§ Aim of the task: Print nothing but the lines below starting at the line that holds "Free Set of" and ending at the line that holds "Figurines, 6-Piece Set", including both, each exactly as written.
[Data Boundary: Start]
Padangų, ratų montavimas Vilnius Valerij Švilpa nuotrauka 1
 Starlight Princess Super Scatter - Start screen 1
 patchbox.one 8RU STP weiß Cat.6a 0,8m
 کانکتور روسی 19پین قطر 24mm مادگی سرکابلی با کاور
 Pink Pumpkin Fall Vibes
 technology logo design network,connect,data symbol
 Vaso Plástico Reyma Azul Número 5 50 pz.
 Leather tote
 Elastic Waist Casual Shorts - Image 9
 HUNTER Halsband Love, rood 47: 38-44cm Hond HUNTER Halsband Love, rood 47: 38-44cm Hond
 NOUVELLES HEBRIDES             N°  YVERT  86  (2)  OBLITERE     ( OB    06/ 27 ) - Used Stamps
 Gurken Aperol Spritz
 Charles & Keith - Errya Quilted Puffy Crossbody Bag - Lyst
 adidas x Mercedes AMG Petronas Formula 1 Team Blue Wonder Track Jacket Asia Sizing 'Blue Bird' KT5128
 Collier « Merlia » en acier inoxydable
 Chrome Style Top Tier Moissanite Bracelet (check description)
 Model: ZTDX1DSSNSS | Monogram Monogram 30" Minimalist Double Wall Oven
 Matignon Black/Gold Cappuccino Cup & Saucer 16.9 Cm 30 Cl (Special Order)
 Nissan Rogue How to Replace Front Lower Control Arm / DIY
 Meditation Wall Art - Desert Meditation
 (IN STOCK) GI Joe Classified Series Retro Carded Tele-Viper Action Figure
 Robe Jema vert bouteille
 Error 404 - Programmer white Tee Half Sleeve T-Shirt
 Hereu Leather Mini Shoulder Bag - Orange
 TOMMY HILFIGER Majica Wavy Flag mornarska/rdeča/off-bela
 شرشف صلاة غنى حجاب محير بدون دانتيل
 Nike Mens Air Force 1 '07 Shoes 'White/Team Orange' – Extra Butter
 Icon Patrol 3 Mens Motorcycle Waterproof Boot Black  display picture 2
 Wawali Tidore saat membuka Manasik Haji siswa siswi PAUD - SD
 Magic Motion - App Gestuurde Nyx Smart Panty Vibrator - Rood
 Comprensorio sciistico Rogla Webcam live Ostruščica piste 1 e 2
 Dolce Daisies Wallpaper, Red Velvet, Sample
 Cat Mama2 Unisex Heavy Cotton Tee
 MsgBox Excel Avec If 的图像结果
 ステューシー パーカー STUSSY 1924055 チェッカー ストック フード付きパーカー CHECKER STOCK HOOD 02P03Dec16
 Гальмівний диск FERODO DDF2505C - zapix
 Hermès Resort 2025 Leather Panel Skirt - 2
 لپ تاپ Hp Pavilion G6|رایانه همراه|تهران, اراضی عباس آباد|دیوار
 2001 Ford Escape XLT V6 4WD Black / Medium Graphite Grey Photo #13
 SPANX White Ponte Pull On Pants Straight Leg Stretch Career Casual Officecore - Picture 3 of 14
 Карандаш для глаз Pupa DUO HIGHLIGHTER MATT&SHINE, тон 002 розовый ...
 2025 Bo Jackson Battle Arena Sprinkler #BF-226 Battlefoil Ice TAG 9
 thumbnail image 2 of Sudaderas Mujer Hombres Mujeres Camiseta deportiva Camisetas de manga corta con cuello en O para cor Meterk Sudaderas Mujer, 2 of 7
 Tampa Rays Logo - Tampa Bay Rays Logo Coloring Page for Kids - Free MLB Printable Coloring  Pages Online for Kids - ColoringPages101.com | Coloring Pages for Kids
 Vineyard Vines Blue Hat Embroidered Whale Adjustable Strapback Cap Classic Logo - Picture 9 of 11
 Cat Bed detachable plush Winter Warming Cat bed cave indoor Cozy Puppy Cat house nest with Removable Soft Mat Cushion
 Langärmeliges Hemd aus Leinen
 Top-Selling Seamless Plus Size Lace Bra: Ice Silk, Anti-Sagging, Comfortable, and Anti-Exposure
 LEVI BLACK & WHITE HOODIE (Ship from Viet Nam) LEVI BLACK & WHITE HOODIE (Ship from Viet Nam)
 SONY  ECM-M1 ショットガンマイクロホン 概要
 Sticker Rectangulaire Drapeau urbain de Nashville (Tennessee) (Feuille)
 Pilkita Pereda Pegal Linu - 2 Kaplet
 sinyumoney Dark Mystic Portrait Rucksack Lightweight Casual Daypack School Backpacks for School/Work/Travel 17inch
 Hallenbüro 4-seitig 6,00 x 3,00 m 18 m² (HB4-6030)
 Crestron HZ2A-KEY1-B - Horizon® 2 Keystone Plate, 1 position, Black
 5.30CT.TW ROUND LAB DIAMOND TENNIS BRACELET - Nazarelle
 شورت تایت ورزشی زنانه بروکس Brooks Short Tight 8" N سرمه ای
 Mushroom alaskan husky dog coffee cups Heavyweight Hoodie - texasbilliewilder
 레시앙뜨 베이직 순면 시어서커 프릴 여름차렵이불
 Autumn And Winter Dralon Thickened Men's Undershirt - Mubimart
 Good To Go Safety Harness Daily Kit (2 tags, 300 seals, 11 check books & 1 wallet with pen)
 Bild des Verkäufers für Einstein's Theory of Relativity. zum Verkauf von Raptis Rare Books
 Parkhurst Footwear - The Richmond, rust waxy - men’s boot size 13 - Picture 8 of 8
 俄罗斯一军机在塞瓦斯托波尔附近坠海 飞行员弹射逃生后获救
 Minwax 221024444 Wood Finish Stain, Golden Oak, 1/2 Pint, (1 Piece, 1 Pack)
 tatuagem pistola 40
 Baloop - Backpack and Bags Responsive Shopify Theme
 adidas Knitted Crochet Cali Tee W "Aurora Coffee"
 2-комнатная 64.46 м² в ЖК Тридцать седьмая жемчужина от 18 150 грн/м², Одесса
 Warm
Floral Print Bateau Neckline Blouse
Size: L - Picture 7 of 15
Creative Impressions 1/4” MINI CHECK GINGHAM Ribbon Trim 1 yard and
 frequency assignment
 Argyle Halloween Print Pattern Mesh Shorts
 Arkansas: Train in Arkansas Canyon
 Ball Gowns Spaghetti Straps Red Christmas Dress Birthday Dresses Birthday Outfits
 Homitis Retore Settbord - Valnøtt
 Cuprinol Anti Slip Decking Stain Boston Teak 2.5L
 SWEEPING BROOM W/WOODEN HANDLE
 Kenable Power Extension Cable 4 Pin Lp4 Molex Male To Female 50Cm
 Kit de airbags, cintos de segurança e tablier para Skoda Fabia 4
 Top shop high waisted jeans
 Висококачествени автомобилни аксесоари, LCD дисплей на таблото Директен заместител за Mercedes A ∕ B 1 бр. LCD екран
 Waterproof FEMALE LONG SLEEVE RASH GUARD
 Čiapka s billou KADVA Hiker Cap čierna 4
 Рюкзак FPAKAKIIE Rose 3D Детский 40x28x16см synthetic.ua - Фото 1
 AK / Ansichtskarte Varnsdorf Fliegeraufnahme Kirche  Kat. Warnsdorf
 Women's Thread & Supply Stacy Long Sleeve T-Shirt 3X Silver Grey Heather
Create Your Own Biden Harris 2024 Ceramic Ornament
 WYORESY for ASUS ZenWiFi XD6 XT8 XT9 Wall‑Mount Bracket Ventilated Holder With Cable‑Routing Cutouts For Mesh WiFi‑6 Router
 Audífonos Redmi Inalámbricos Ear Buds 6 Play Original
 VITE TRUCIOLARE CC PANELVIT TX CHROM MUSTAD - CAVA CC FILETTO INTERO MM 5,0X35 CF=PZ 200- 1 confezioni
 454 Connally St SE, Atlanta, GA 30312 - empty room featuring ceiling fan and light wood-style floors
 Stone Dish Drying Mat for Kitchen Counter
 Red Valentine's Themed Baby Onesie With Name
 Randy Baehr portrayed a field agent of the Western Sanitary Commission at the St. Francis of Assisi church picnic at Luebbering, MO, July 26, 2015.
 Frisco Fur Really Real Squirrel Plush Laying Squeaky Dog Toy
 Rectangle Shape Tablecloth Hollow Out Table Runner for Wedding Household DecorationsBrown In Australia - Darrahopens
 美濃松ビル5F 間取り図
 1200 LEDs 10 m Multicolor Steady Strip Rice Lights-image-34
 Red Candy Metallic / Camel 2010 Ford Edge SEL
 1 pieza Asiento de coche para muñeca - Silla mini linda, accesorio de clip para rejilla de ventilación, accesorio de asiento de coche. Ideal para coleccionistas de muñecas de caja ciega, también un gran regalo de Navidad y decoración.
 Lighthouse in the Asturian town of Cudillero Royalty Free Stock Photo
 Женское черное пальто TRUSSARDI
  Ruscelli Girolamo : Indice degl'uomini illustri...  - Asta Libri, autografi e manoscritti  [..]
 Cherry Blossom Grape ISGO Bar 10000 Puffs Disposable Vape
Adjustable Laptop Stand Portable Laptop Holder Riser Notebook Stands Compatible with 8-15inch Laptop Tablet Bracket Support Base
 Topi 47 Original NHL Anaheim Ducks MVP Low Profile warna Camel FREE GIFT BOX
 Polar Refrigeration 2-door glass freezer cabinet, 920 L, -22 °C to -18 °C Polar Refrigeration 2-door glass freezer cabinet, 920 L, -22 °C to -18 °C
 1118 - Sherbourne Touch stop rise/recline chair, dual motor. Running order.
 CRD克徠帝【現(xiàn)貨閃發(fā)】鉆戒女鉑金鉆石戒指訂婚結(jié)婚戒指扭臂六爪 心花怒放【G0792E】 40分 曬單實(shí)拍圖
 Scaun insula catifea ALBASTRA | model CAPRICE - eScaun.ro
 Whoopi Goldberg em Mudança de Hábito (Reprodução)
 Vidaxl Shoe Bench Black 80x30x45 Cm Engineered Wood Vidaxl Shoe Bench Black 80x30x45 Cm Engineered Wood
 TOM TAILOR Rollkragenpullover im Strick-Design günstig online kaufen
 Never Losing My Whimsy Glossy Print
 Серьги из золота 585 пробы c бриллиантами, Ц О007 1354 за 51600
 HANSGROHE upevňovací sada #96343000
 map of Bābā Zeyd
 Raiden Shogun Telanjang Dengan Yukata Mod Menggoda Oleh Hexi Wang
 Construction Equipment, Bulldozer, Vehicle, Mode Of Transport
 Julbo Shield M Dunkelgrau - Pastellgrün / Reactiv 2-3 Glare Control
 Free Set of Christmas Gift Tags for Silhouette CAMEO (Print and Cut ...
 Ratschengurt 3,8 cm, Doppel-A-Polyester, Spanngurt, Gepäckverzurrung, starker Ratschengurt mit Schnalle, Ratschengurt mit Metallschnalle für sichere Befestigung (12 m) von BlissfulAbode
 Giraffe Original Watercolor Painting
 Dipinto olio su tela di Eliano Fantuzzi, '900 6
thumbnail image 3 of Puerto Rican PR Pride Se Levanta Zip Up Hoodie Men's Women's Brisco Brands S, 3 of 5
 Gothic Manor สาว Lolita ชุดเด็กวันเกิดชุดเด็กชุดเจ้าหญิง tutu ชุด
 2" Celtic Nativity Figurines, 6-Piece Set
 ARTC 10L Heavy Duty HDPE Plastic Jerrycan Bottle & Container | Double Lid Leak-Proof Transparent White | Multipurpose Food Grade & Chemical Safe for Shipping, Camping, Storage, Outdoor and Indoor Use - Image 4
[Data Boundary: End]
§ Task solution:
 Free Set of Christmas Gift Tags for Silhouette CAMEO (Print and Cut ...
 Ratschengurt 3,8 cm, Doppel-A-Polyester, Spanngurt, Gepäckverzurrung, starker Ratschengurt mit Schnalle, Ratschengurt mit Metallschnalle für sichere Befestigung (12 m) von BlissfulAbode
 Giraffe Original Watercolor Painting
 Dipinto olio su tela di Eliano Fantuzzi, '900 6
thumbnail image 3 of Puerto Rican PR Pride Se Levanta Zip Up Hoodie Men's Women's Brisco Brands S, 3 of 5
 Gothic Manor สาว Lolita ชุดเด็กวันเกิดชุดเด็กชุดเจ้าหญิง tutu ชุด
 2" Celtic Nativity Figurines, 6-Piece Set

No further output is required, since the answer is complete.